Results of Analysis of Variance (ANOVA) for main effects and all two-way interactions - Genotype test.

Factor	Df	SSQFactor	F Statistic	φ2
Percent-Affected	1	1560721	33815.121	0.314
ρ	2	1723434	18670.263	0.347
${\sigma }_1^2$	1	612234	13264.884	0.123
${\sigma }_2^2$	1	308685	6688.076	0.062
pd	1	303127	6567.645	0.061
ρ × Percent-Affected	2	103543	1121.697	0.021
${\sigma }_1^2\times \text{Percent-Affected}$	1	46967	1017.613	0.009
pd × Percent-Affected	1	40969	887.657	0.008
${\sigma }_1^2\times \rho$	2	63336	686.134	0.013
${\sigma }_1^2\times {\sigma }_2^2$	1	25551	553.597	0.005
τ1	2	46357	502.194	0.009
${\sigma }_2^2\times \text{Percent-Affected}$	1	22923	496.648	0.005
${\sigma }_2^2\times \rho$	2	31059	336.47	0.006
pd × ρ	2	23991	259.896	0.005
τ2	2	16522	178.984	0.003
τ1 × Percent-Affected	2	5191	56.235	0.001
$p_d\times {\sigma }_2^2$	1	2162	46.851	0
τ2 × Percent-Affected	2	2892	31.331	0.001
τ1 × ρ	4	4434	24.018	0.001
${\tau }_1\times {\sigma }_2^2$	2	1723	18.67	0
τ1 × τ2	4	3101	16.796	0.001
${\sigma }_1^2\times {\tau }_2$	2	1041	11.28	0
τ2 × ρ	4	1606	8.7	0
$p_d\times {\sigma }_1^2$	1	282	6.11	0
${\sigma }_2^2\times {\tau }_2$	2	97	1.051	0
${\sigma }_1^2\times {\tau }_1$	2	74	0.799	0
pd × τ1	2	70	0.753	0
pd × τ2	2	2	0.02	0
Residuals	379	17493
Total		4964426

The values in the column labeled "Factor" are defined in Table 1. The column SSQ_Factor is the sum of squares for the given factor.

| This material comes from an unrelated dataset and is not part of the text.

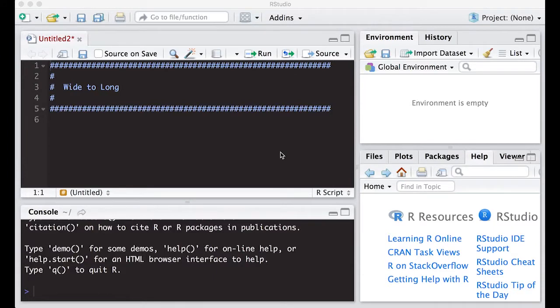Welcome to the R video tutorial on turning wide files into long files. In this video tutorial, we will learn how to change the structure of files so they can be analyzed easier in R. This is part of Statistics 321 at Virginia Commonwealth University, but anybody can use it. All right, let's get started.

The column labeled "φ²" lists each factor's proportion of the overall Sum of Squares. That is, ${\phi }^2=\frac{{\mathit{\text{SSQ}}}_{\text{Factor}}}{{\mathit{\text{SSQ}}}_{\text{Total}}}$. All values with the exception of the last column are computed using methods developed for the R statistical software package [106].

In Table 2, the factors are sorted from largest F-statistic to least. Also, we report the value φ², the respective factor's proportion of the overall Sum of Squares. Specifically, ${\phi }^2=\frac{{\mathit{\text{SSQ}}}_{\text{Factor}}}{{\mathit{\text{SSQ}}}_{\text{Total}}}$ (values provided in Table 2). Based on F-statistics and the φ² values, we may infer that there are five main factors that most substantially affect the number of affected individuals needed to detect association. These are, in order of F-statistic (rounded to nearest integer from Table 2), Percent-Affected (F-Statistic = 33,815), ρ (Correlation) (F-Statistic = 18,670), ${\sigma }_1^2(\text{F-statistic}=\mathrm{13,265})$, and ${\sigma }_2^2(\text{F-statistic}=\mathrm{6,688})$, and p_d (F-statistic = 6,568). Along with their two-way interaction-terms (a total of ten), these five factors account for 98% of the proportion of the total Sum of Squares (SSQ_Total) (Table 2). The dominance-additivity ratios, τ₁ and τ₂ had relatively small impact on the calculated MSSN. This result suggests that the Genotype test is equally powerful when the QTL operate under either an additive or non-additive mode of inheritance.

That is, researchers need not focus on whether their traits of interest deviate from an additive mode of inheritance when performing MSSN calculations.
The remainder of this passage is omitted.